Work instructions ▸
Transcribe the rest of the listing below, starting with the line that contains "Серый Рено Меган, объемом" and ending with the last line, exactly as written.

Provided data ▸
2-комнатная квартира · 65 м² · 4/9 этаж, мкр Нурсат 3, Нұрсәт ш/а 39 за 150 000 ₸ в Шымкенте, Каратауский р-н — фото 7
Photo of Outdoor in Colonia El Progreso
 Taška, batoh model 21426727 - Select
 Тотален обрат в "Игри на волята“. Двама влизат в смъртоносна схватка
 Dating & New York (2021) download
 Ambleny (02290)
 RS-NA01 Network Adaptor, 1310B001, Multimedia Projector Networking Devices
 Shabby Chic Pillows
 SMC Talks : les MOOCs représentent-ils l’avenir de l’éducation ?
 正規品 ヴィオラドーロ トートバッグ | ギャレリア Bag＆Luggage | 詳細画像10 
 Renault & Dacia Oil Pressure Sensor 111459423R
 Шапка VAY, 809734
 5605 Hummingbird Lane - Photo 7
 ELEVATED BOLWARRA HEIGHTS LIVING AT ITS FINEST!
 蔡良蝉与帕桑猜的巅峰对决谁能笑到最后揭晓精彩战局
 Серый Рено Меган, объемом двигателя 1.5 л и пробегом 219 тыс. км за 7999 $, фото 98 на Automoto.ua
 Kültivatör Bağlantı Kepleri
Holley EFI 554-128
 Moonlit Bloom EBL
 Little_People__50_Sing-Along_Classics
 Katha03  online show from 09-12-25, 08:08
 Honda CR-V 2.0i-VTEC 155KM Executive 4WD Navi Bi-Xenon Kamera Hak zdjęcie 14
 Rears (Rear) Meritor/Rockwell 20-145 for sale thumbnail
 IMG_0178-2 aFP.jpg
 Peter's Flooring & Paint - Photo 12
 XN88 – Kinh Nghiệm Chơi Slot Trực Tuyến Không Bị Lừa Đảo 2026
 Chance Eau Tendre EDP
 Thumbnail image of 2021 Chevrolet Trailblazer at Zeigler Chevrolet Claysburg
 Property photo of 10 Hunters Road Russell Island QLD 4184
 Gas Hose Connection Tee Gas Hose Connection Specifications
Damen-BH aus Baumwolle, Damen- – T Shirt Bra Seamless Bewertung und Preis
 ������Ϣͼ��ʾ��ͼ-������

The answer ▸
 Серый Рено Меган, объемом двигателя 1.5 л и пробегом 219 тыс. км за 7999 $, фото 98 на Automoto.ua
 Kültivatör Bağlantı Kepleri
Holley EFI 554-128
 Moonlit Bloom EBL
 Little_People__50_Sing-Along_Classics
 Katha03  online show from 09-12-25, 08:08
 Honda CR-V 2.0i-VTEC 155KM Executive 4WD Navi Bi-Xenon Kamera Hak zdjęcie 14
 Rears (Rear) Meritor/Rockwell 20-145 for sale thumbnail
 IMG_0178-2 aFP.jpg
 Peter's Flooring & Paint - Photo 12
 XN88 – Kinh Nghiệm Chơi Slot Trực Tuyến Không Bị Lừa Đảo 2026
 Chance Eau Tendre EDP
 Thumbnail image of 2021 Chevrolet Trailblazer at Zeigler Chevrolet Claysburg
 Property photo of 10 Hunters Road Russell Island QLD 4184
 Gas Hose Connection Tee Gas Hose Connection Specifications
Damen-BH aus Baumwolle, Damen- – T Shirt Bra Seamless Bewertung und Preis
 ������Ϣͼ��ʾ��ͼ-������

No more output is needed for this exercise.